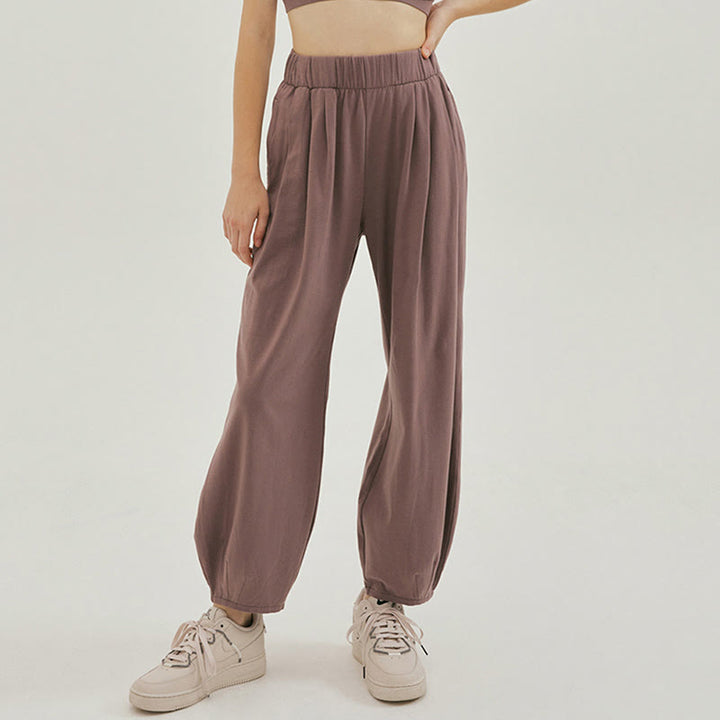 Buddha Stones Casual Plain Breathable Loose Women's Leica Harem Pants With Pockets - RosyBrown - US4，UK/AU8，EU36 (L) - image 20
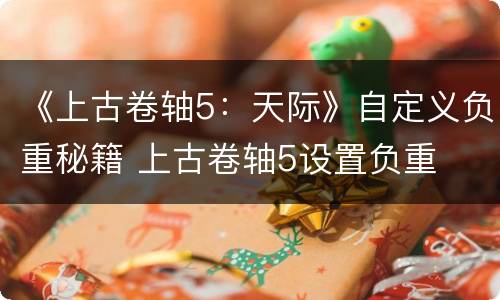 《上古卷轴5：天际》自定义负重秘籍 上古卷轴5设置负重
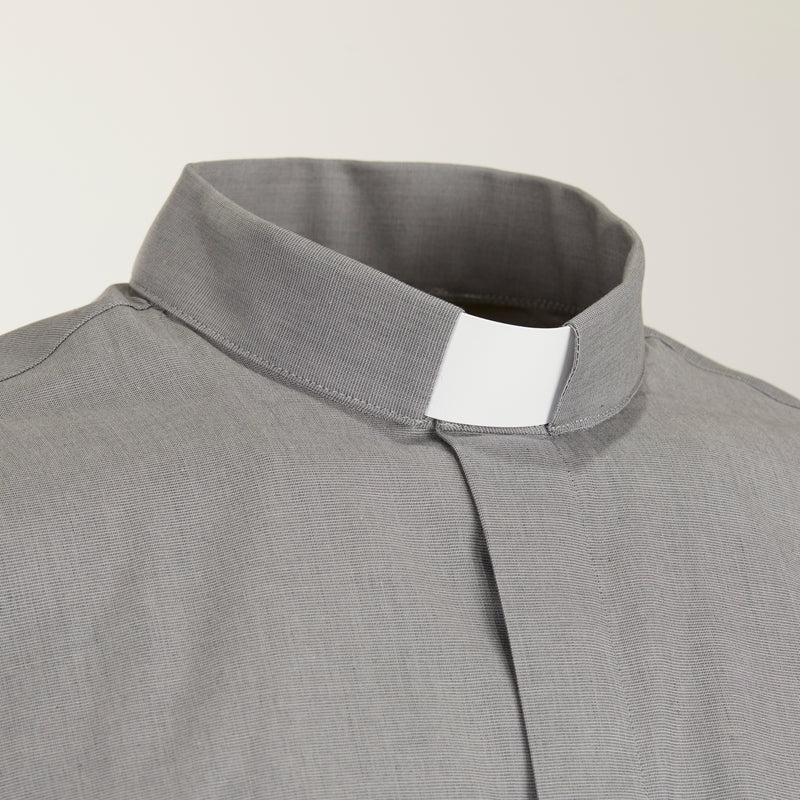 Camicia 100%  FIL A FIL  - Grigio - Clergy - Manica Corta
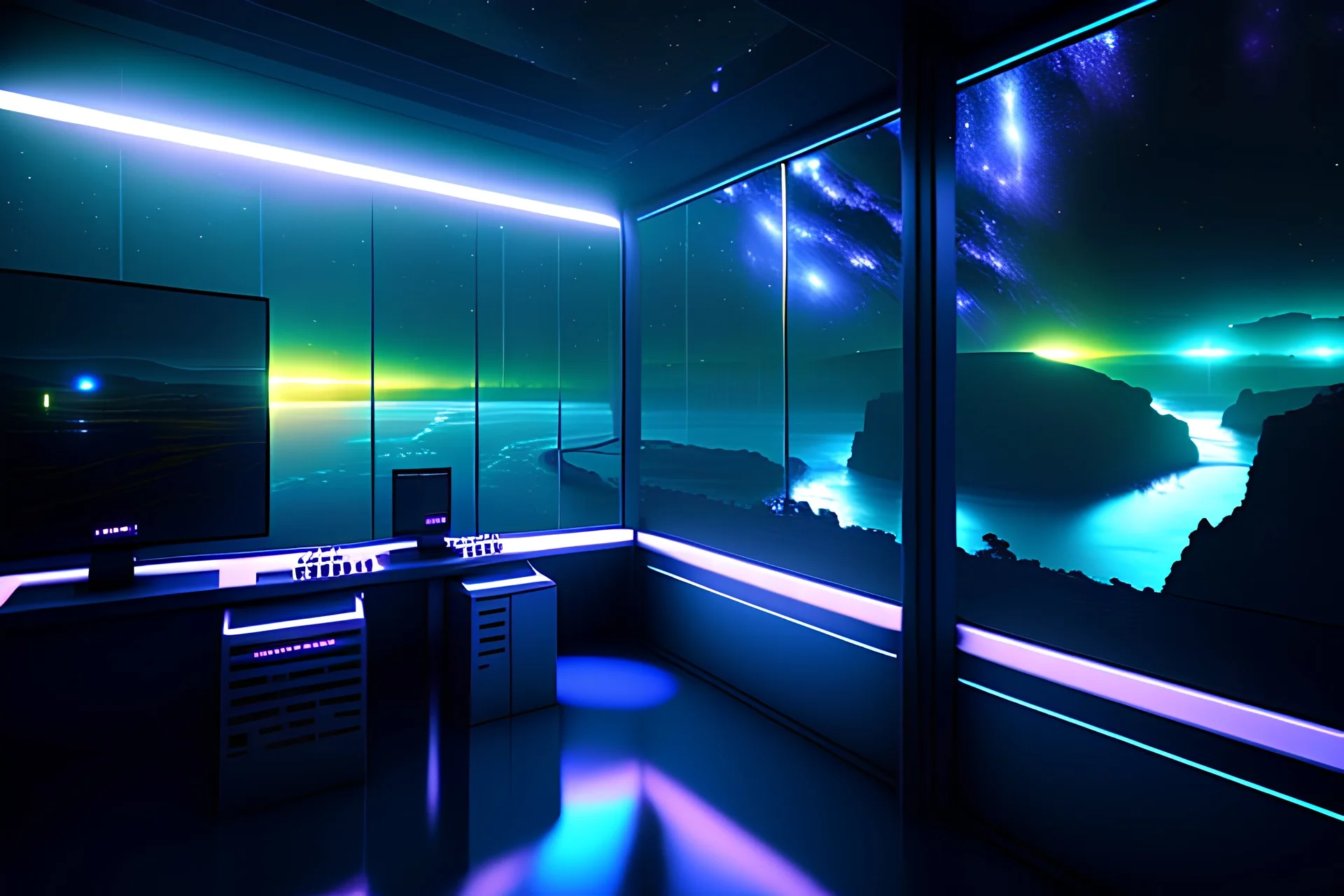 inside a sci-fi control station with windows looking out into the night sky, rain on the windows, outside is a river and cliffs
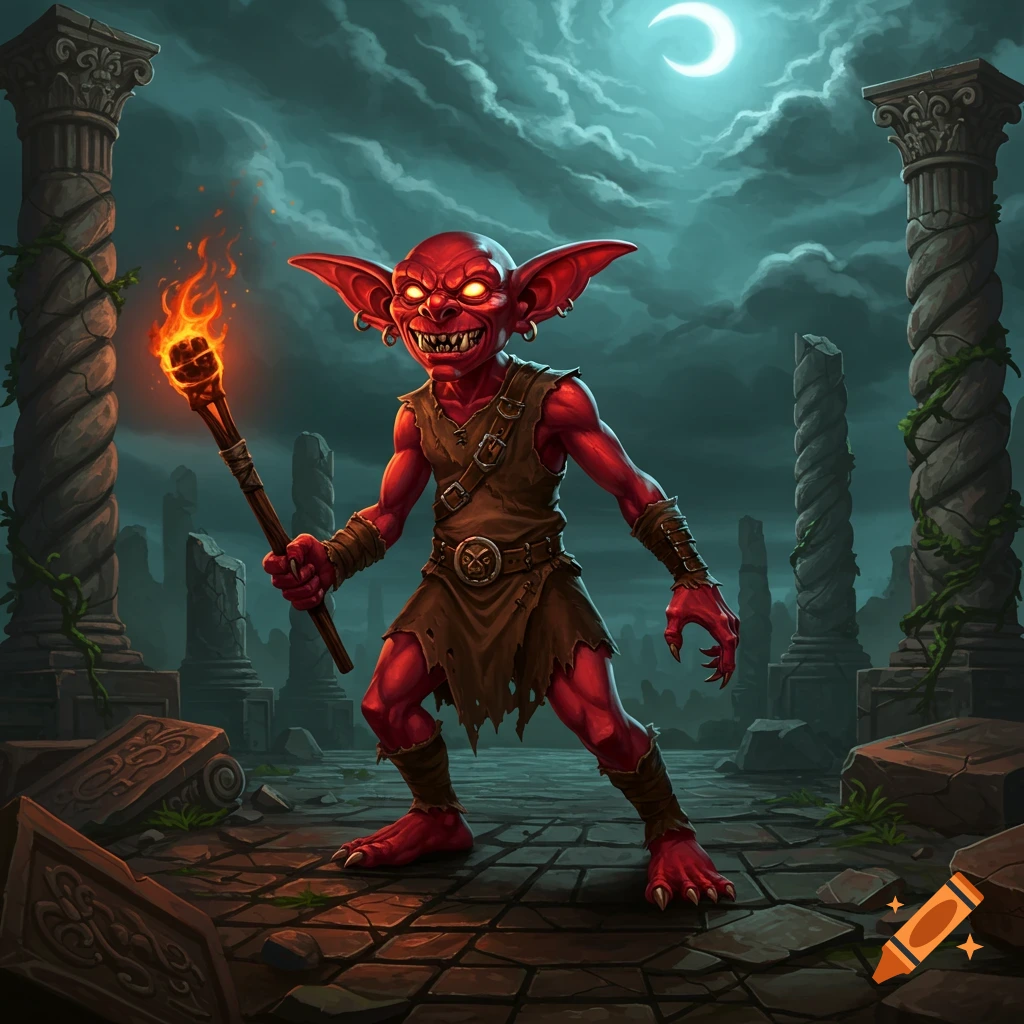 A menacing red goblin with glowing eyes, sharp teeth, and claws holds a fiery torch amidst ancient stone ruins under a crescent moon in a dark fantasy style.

════════════════════

### WHAT TO PRODUCE
Would you copy out the material above exactly, without the pictures in it?

### WRITTEN SOLUTION
 Buddha Stones Casual Plain Breathable Loose Women's Leica Harem Pants With Pockets - RosyBrown - US4，UK/AU8，EU36 (L) - image 20
 《上古卷轴5：天际》自定义负重秘籍 上古卷轴5设置负重
 Camicia 100%  FIL A FIL  - Grigio - Clergy - Manica Corta
 inside a sci-fi control station with windows looking out into the night sky, rain on the windows, outside is a river and cliffs
 A menacing red goblin with glowing eyes, sharp teeth, and claws holds a fiery torch amidst ancient stone ruins under a crescent moon in a dark fantasy style.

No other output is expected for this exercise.